▶ [Assignment] The material below must be retyped in full, with every line kept exactly as it is.

[The input — start]

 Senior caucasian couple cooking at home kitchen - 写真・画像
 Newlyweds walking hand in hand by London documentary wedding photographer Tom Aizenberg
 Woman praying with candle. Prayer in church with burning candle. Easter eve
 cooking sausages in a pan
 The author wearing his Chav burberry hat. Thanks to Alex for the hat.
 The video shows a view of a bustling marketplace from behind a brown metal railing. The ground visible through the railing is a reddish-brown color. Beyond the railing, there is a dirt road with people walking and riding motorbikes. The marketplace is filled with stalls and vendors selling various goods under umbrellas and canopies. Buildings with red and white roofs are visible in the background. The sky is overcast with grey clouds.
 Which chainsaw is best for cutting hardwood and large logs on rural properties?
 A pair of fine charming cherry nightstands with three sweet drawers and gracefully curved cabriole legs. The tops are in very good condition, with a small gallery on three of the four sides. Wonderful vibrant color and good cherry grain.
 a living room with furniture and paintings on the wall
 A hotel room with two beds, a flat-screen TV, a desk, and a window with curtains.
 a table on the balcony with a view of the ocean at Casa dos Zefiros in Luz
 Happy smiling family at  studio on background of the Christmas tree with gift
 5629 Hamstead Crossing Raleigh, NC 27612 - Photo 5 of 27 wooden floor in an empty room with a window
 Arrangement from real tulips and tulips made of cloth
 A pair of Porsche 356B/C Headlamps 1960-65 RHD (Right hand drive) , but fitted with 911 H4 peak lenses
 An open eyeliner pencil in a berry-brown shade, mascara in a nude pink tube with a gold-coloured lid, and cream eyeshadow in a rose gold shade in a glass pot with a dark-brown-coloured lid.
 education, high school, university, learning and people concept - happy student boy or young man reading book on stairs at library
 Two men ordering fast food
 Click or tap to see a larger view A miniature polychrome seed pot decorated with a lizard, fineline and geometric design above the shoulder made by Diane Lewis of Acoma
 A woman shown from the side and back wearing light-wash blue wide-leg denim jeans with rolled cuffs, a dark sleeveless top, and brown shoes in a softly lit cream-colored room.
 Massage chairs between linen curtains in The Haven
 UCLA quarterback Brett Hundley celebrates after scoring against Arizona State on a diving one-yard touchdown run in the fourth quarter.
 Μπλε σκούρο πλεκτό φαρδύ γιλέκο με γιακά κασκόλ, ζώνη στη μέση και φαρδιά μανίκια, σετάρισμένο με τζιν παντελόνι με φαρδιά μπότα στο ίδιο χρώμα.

[The input — finish]

▶ [Expected output]
 Senior caucasian couple cooking at home kitchen - 写真・画像
 Newlyweds walking hand in hand by London documentary wedding photographer Tom Aizenberg
 Woman praying with candle. Prayer in church with burning candle. Easter eve
 cooking sausages in a pan
 The author wearing his Chav burberry hat. Thanks to Alex for the hat.
 The video shows a view of a bustling marketplace from behind a brown metal railing. The ground visible through the railing is a reddish-brown color. Beyond the railing, there is a dirt road with people walking and riding motorbikes. The marketplace is filled with stalls and vendors selling various goods under umbrellas and canopies. Buildings with red and white roofs are visible in the background. The sky is overcast with grey clouds.
 Which chainsaw is best for cutting hardwood and large logs on rural properties?
 A pair of fine charming cherry nightstands with three sweet drawers and gracefully curved cabriole legs. The tops are in very good condition, with a small gallery on three of the four sides. Wonderful vibrant color and good cherry grain.
 a living room with furniture and paintings on the wall
 A hotel room with two beds, a flat-screen TV, a desk, and a window with curtains.
 a table on the balcony with a view of the ocean at Casa dos Zefiros in Luz
 Happy smiling family at  studio on background of the Christmas tree with gift
 5629 Hamstead Crossing Raleigh, NC 27612 - Photo 5 of 27 wooden floor in an empty room with a window
 Arrangement from real tulips and tulips made of cloth
 A pair of Porsche 356B/C Headlamps 1960-65 RHD (Right hand drive) , but fitted with 911 H4 peak lenses
 An open eyeliner pencil in a berry-brown shade, mascara in a nude pink tube with a gold-coloured lid, and cream eyeshadow in a rose gold shade in a glass pot with a dark-brown-coloured lid.
 education, high school, university, learning and people concept - happy student boy or young man reading book on stairs at library
 Two men ordering fast food
 Click or tap to see a larger view A miniature polychrome seed pot decorated with a lizard, fineline and geometric design above the shoulder made by Diane Lewis of Acoma
 A woman shown from the side and back wearing light-wash blue wide-leg denim jeans with rolled cuffs, a dark sleeveless top, and brown shoes in a softly lit cream-colored room.
 Massage chairs between linen curtains in The Haven
 UCLA quarterback Brett Hundley celebrates after scoring against Arizona State on a diving one-yard touchdown run in the fourth quarter.
 Μπλε σκούρο πλεκτό φαρδύ γιλέκο με γιακά κασκόλ, ζώνη στη μέση και φαρδιά μανίκια, σετάρισμένο με τζιν παντελόνι με φαρδιά μπότα στο ίδιο χρώμα.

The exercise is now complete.